**THE PROBLEM:** Repeat the entries below in full, with every character unchanged.

=== Begin Enclosure ===

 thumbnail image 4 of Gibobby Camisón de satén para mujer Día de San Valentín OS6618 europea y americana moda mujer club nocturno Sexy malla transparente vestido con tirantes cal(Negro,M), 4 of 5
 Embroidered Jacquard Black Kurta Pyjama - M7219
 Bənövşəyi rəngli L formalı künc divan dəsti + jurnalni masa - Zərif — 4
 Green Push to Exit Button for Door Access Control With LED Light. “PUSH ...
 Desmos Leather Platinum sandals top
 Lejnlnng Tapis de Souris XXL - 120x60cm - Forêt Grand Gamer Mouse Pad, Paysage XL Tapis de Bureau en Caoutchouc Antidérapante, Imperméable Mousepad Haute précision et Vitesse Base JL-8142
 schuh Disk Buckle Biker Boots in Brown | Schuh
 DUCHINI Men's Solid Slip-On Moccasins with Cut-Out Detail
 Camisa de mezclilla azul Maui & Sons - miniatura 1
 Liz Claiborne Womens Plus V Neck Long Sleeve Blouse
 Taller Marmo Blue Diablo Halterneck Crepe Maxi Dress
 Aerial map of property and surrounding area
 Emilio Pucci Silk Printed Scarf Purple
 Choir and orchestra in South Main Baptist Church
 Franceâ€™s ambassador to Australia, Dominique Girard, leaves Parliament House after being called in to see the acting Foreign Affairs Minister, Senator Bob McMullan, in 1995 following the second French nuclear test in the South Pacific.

=== End Enclosure ===

**RESPONSE:**
 thumbnail image 4 of Gibobby Camisón de satén para mujer Día de San Valentín OS6618 europea y americana moda mujer club nocturno Sexy malla transparente vestido con tirantes cal(Negro,M), 4 of 5
 Embroidered Jacquard Black Kurta Pyjama - M7219
 Bənövşəyi rəngli L formalı künc divan dəsti + jurnalni masa - Zərif — 4
 Green Push to Exit Button for Door Access Control With LED Light. “PUSH ...
 Desmos Leather Platinum sandals top
 Lejnlnng Tapis de Souris XXL - 120x60cm - Forêt Grand Gamer Mouse Pad, Paysage XL Tapis de Bureau en Caoutchouc Antidérapante, Imperméable Mousepad Haute précision et Vitesse Base JL-8142
 schuh Disk Buckle Biker Boots in Brown | Schuh
 DUCHINI Men's Solid Slip-On Moccasins with Cut-Out Detail
 Camisa de mezclilla azul Maui & Sons - miniatura 1
 Liz Claiborne Womens Plus V Neck Long Sleeve Blouse
 Taller Marmo Blue Diablo Halterneck Crepe Maxi Dress
 Aerial map of property and surrounding area
 Emilio Pucci Silk Printed Scarf Purple
 Choir and orchestra in South Main Baptist Church
 Franceâ€™s ambassador to Australia, Dominique Girard, leaves Parliament House after being called in to see the acting Foreign Affairs Minister, Senator Bob McMullan, in 1995 following the second French nuclear test in the South Pacific.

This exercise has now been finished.